The far-right extremist National Democratic Party (NPD) agreed to a merger with the like-minded German People's Union (DVU) during a party conference in the German city of Hohenmölsen, an NPD spokesman said on Saturday.

Neo-Nazi NPD votes to join forces with smaller right-wing party
Photo: DPA

The action received the two-thirds majority necessary for passage, with 194 of the party’s 207 delegates voting in favour. DVU representatives are due to consider the merger at their party conference later this month. It would then be put to a vote among members of both parties.

The merger, which would be scheduled for the end of the year, would see the two parties emerge under a new name, “NPD – The People’s Union.”

Both the NPD and the DVU are facing dire problems with falling membership and financial struggles – and the parties hope a merger will improve their chances in state elections next year.

According to the domestic intelligence service, the Bundesamt für Verfassungsschutz, the NPD had about 6,800 members at the end of 2009 – a drop of about 400 over two years earlier. Meanwhile, the membership of the DVU is estimated at 4,000.

Several hundred people gathered in Hohenmölsen in the state of Saxony-Anhalt on Saturday to protest the NPD meeting, as well as demonstrate against right-wing extremism and xenophobia.

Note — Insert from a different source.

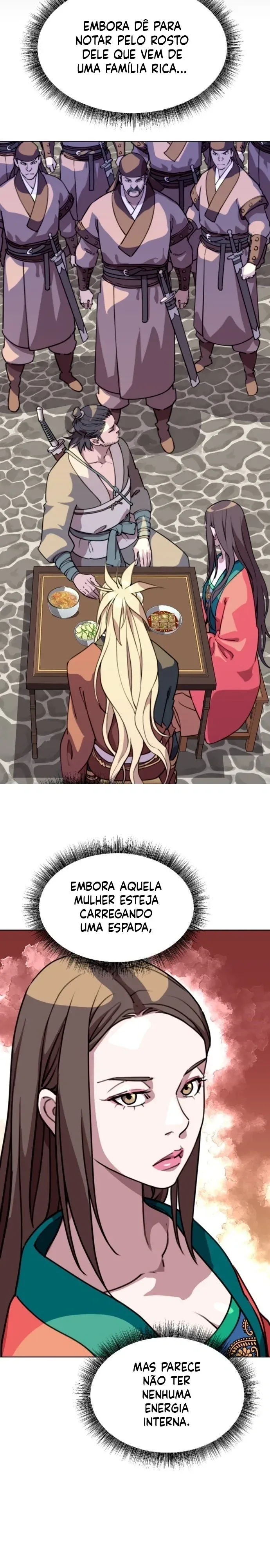 Página 34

Just one day earlier, a Magdeburg administrative appeals court rejected a city motion challenging the NPD’s right to rent the community centre in Hohenmölsen. The ruling reinforced a previous decision by a court in Halle.

Pastor Thomas Wisch, who attended the protests, said the demonstrators wanted show that “people in a small town have the courage to talk back, too,” adding that most residents rejected the party and its ideology.

Saxony-Anhalt premier Wolfgang Böhmer, a member of Chancellor Angela Merkel’s conservatives, voiced his support for the protests against right-wing extremism, saying “the state government and every party represented in the state parliament” backed the demonstrators.

Böhmer also warned that the NPD did not signify a colourful and pluralistic democracy in Germany – saying the party represents the “brown, one-party dictatorship,” a reference to the colour associated with Nazi brownshirts.

In early 2005, the two parties formed a loose alliance called the Deutschlandpakt, but the NPD dissolved this about a year ago. The NPD ran in the state election in Brandenburg in September last year, helping drive the DVU to its worst-ever electoral drubbing.

Neither party ultimately cleared the 5-percent hurdle needed to win seats in the parliament.

The NPD has seen electoral success in some state parliaments and holds seats in Saxony and Mecklenburg-Western Pomerania, though it has lost ground in recent elections.

It was fined €2.5 million for funding irregularities last year, and there have been periodic calls to ban the party.